Stop betraying your body with your thinking
Here's my quick 5 tips for beginning the journey out of betrayal of your body and into trusting your body
- Meditation. Just sit quietly for a few minutes each day, no screens or music or podcasts or other people. Just you and your body and a little time to feel into it.
- Expand your meditation. Being consciously feeling through your body, acknowledging each part of your body and how it feels. Start with your feet and work up. To each part, say "Hello feet. I see you. I'm here with you now. Hello ankles, I see you, I'm here with you now.". And so on. I something is hurting, say "Hello knees, I see you, I'm here with you now...I feel that pain. I know you're hurting. Here's some love" and send loving feeling to that body part. As you get better at this, you can send loving feeling flooding through your whole body.
- When you're deciding what to eat for dinner, stop and bring your attention to your stomach. Acknowledge it like you do in the above meditation practice. Then ask it what it feels like eating. Don't limit your thinking to only what's in your house, or what is easy to order in. Give your gut that moment to want whatever it needs. You'll learn what you really need to start making available to your body. Where possible, eat what it asks for. Note that it will be unlikely to ask for things you normally eat, if you've been disconnected and convenience eating most of the time. Also be wary that your tongue and your thinking will have their own preferences and these are unlikely to be the same choices your gut desires.
- Write down the activities you engage in that you know are not good for your body - drinking, smoking, eating crap, watching tv all weekend, staying up too late etc etc. Begin to see how cruel this is, and also acknowledge what you get from doing these things - tv might help you escape feeling tired, bored, sad. Smoking might help you cope with anxiety. Eating sweet things might help pep you up when you're bored or tired or lonely. Become aware of the payoff of these choices, and start to choose the braver, harder road of feeling those feelings (and spoiler alert, it's almost always to avoid feeling a feeling you don't like).

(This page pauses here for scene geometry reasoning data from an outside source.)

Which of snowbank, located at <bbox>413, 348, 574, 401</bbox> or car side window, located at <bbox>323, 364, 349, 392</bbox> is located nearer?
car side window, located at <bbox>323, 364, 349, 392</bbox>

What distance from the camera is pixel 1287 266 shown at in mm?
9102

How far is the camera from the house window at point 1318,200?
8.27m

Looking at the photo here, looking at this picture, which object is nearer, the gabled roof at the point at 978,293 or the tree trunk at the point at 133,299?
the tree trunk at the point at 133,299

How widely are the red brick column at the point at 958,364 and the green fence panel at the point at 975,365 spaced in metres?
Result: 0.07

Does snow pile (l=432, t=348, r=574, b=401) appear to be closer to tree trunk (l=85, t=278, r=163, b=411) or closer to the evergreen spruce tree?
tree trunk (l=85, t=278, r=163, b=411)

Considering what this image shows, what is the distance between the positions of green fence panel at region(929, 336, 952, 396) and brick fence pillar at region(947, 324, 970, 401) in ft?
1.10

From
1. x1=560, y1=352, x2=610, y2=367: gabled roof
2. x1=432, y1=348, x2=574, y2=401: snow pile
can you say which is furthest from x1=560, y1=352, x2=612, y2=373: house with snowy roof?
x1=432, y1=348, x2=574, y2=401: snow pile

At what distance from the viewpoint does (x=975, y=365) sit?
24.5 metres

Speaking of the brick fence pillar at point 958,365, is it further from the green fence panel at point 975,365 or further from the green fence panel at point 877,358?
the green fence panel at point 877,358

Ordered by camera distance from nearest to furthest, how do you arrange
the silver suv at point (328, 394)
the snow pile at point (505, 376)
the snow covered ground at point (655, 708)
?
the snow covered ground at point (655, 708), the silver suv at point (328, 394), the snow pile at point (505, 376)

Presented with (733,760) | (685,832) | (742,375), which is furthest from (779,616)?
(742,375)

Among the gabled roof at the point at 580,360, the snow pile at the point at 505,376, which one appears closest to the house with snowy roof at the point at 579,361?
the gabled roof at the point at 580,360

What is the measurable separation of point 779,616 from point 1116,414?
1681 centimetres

- Slow down. Quieten down. Lay down. These three simple sayings will almost always steer you in the right direction. Being less busy allows for more space, more connection with self, more openness to change. Quietening down means turn off screens, sound or inputs of all kinds. Being on your own and enjoy not cramming more stimulation into your body. Just sit in the quiet and learn to enjoy it. And lay down - rest more, sleep more, stretch out your body more. Most of us are chronically under-slept, and physically in need of rest.